Em vista do sucesso obtido junto às nossas e vossas autoridades fazendárias, corri, sempre sem pressa, para quitar o DARF correspondente na maquininha do Banco do Brasil. Passei, depois, de raspão, na garagem para xerocar meus importantíssimos papéis e finalmente retornei à presença da funcionária, que, verdade seja dita, me atendeu com o melhor dos seus sorrisos nos lábios, dentes, olhos, rugas de expressão e até orelhas.
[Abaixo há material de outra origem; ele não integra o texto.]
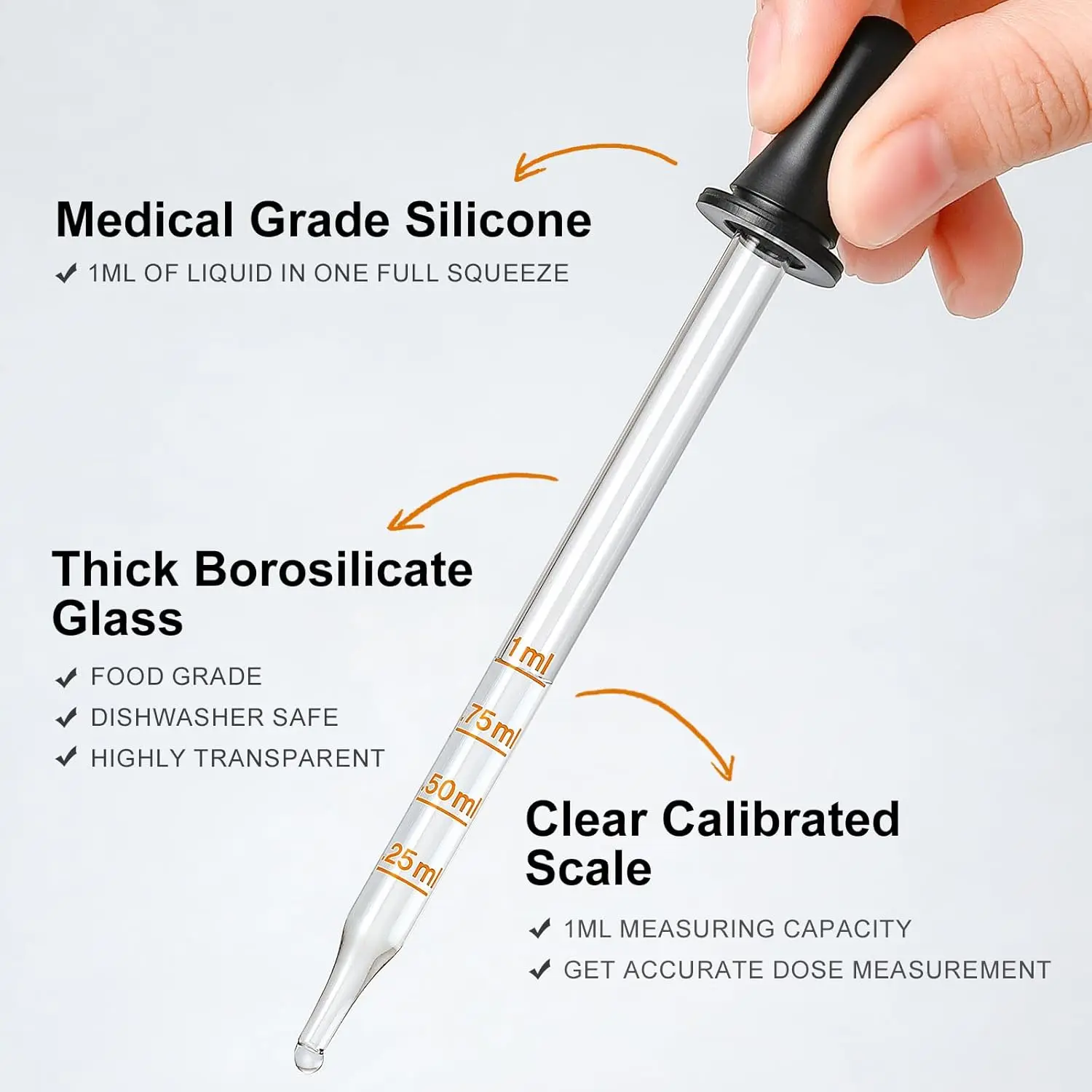 Conta-gotas de vidro 1ml com marcação, 4 unidades - Imagem 4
Essa brincadeira deve ter-me custado, além dos dois olhos da cara em salgadas prestações mensais, umas duas horas de vida (gasto esse obviamente não-reembolsável nem pelo Tesouro, nem pelo meu plano de saúde).

Aliás, minto. Custou-me, dos olhos, apenas um e somente um, que de fato hoje já não me faz muita falta, pois, atípico desde a concepção vulgar que me catapultou para esta encarnação, sempre enxerguei melhor com a bolinha sobrante. O diabo é que ainda não havia conseguido identificar (até 2003; hoje, são outros 500!) com precisão o olho que me atrapalhava a visão. Agora, já sei: é o esquerdo! Coisa de esquerdista subversivo!

Vantagem irrefutável dessa transcendental descoberta científica: já não preciso arrancá-lo (nem furá-lo, como equivocadamente fez Édipo, por maldosa sugestão de Sófocles) e guardo-o, com total insegurança, como estepe no bagageiro do meu carrão. De qualquer forma, se o estupro é inevitável, relaxe e ... Foi o que fiz! Pois é, resolvi embarcar nessa, ou seja, aproveitar o momento desagradável para ter algum “lucro secundário”. Lógica de psicólogo que aprendi por osmose.

Com esse estado de ânimo, sutilmente provoquei a funcionária e, por extensão, o próprio Leão, “gabando-me” de que - após tratar de tantos detalhes complicados até para um PhD de verdade – corria eu o perigoso risco de acabar ficando mais inteligente, o que poderia gabaritar-me a uma candidatura qualquer, contanto que fosse bem remunerada. Como ela esboçou um discreto sorriso dúbio, giocondês, posto que raspara os sobrolhos, animei-me, na despedida, a indagar-lhe o nome.

Confessou chamar-se Isabelle, pecado de que logo a perdoei, não sem antes impor-lhe uma penitência qualquer de praxe – que mal, supostamente, não lhe fez, igual a remédios homeopáticos, exceto para os raros, muito raros, pagadores de impostos que morrem em decorrência deles, como, aliás, já aconteceu com outrem. Depois, não pude conter o didático comentário:

- Nome de um famoso ballet francês, sabia? (Uma deslavada mentira!)

Claro que ela sempre soube. Para completar a gracinha, acrescentei:

- O negócio é dançar a vida, certo

E, assim, saí de cabeça erguida e espinha reta como a do Geisel, além de um sorriso nos lábios a relembrar, na companhia de uns neurônios desocupados, um filme nipônico sobre dança. Cheguei até, confesso, soluçante, a assistir a uma outra versão com aquele galã americano metido a budista sério (que nem eu) – , convencido, como ela, de como o samba faz bem à vida! Dos outros, claro, pois, eu, muçulmano convertido, sou inibido para essas estrepolias. Podem até me considerar um pervertido irrrecuperável, mas dançar – jamais! Temente que sou a Alá e seus profetas!

E, antes que me dessem ordem de prisão, fugi do recinto para lamber as feridas financeiras com um certo pudor. Agora, se tudo correr bem, serei computado na próxima PNAD (Pesquisa Nacional por Amostra de Domicílios, do IBGE) como mais uma vítima fatal da voracidade tributária do Estado. Isso, se a Fazenda liberar em tempo hábil recursos orçamentários para o IBGE, o que duvido que aconteça com esse nível de superávit fiscal que ela persegue. Quanto prestígio para mim, hein?

Afinal, como todo banqeiro tupinambá bem sabe, só paga imposto no Brasil quem phode. (Ei, tirem esse “h” daí!).